Gerçek şu: Serbest piyasa yalnızca kuralları olan ülkelerde işler. Adaletin hızlı çalışmadığı, liyakatin değil sadakatin yükseldiği, kurumların güven vermediği bir yerde, serbest piyasa kuralsızlık anlamına gelir. Ve biz uzun yıllardır bu kuralsızlığın içindeyiz. Sermaye özgür ama tekelci. Girişimci özgür ama yalnız. Tüketici özgür ama korumasız. İşte Türkiye’de serbest piyasanın çelişkisi burada başlıyor.

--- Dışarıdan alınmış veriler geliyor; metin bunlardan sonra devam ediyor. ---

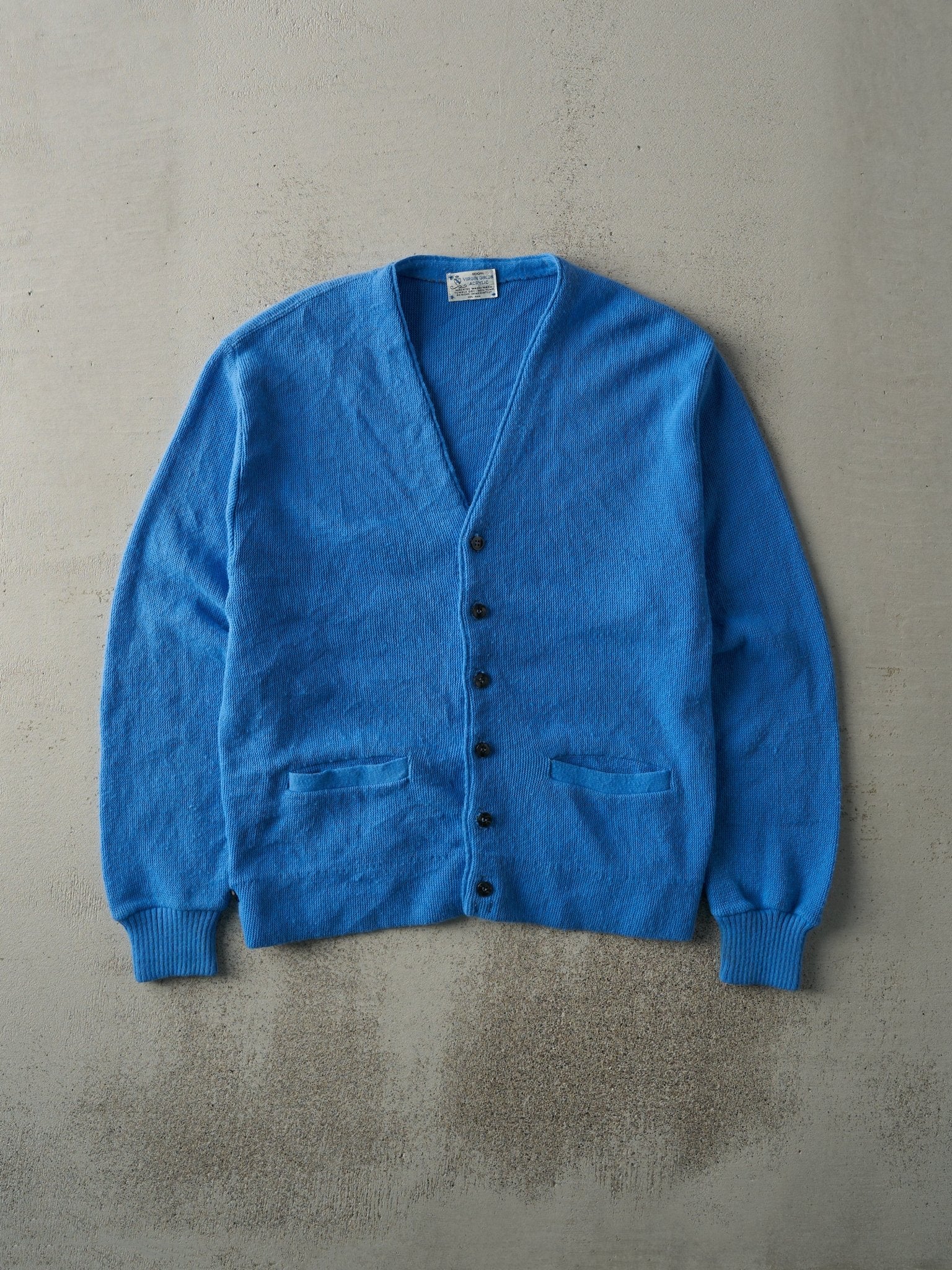 Vintage 80s Blue Knit Cardigan (M)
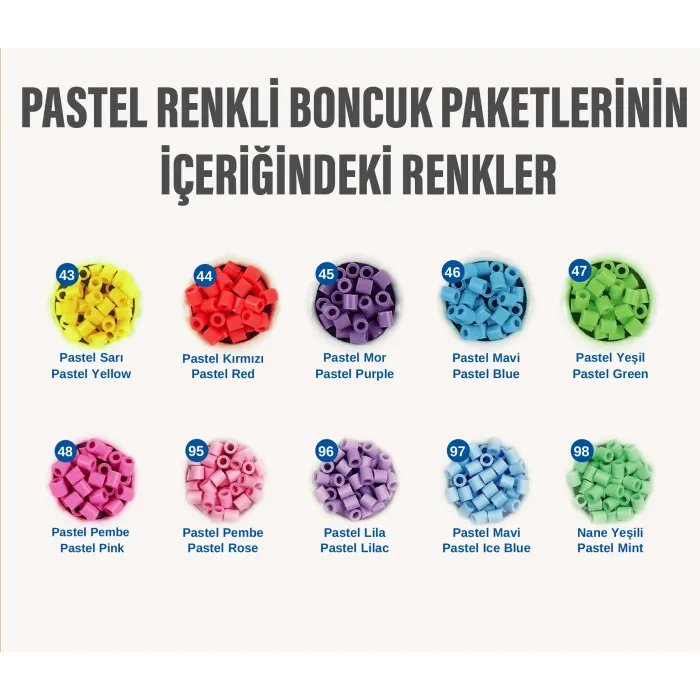 Hama Boncuk Midi 1.000’lik poşet - Pastel Renkler 207-50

Bir diğer sorun: Kendi oyun alanımızı kuramıyoruz. Kendi markamızı çıkaramıyoruz. Katma değeri yüksek üretime geçemiyoruz. Eğitim sistemimiz 20 yıl öncenin sanayisine bile adam yetiştiremiyor. İhracatta birim fiyatımız hâlâ 1.5 dolara sıkışmış durumda. Bu tabloyla Almanya’yı, Güney Kore’yi, Singapur’u yakalayacağımızı düşünmek gerçekçilik değil, duaya kalmış bir hayaldir.
Peki ne yapmalıyız?
Öncelikle, “serbest piyasa”yı ideolojik bir slogan olmaktan çıkarıp kurumsal bir ciddiyetle yeniden inşa etmeliyiz. Yargı bağımsızlığını, rekabet kurumunu, kamu ihale şeffaflığını tesis etmeden piyasa sadece bir çıkar kulübüne döner. İkincisi, insan kaynağını dönüştürmeliyiz. Meslek liselerini, üniversiteleri, araştırma merkezlerini sanayiyle gerçek anlamda entegre etmeden kalkınamayız. Bu dönüşüm, plansız inşa edilen sanayi bölgelerinden, kopya teknoloji startuplarından çok daha önemli. Üçüncüsü, devleti yeniden tarif etmeliyiz. Ne her şeye müdahale eden bir baba, ne de her şeyi özelleştirip kenara çekilen bir seyirci devlet… Yatırımı teşvik eden, girişimciyi cesaretlendiren, hukuku önceleyen bir “oyun kurucu” devlet modeline ihtiyacımız var. Ayrıca, üretmeden büyüyemeyiz. Taklit ederek zenginleşemeyiz. Liyakati dışlayarak gelişemeyiz. Serbest piyasa, oyunun kurallarına sadık kalanların ligidir. Biz bu ligin içindeyiz ama hâlâ kuralları öğrenemedik. Eğer bu kuralları öğrenir, uygulama iradesi gösterirsek, bırakın geride kalmayı, birçok ülkeyi geçmek işten bile değildir. Ama aksi halde, serbest piyasa yalnızca güçlülerin zayıfı ezdiği bir arenaya dönüşür. Ve biz o arenada hep kaybeden oluruz.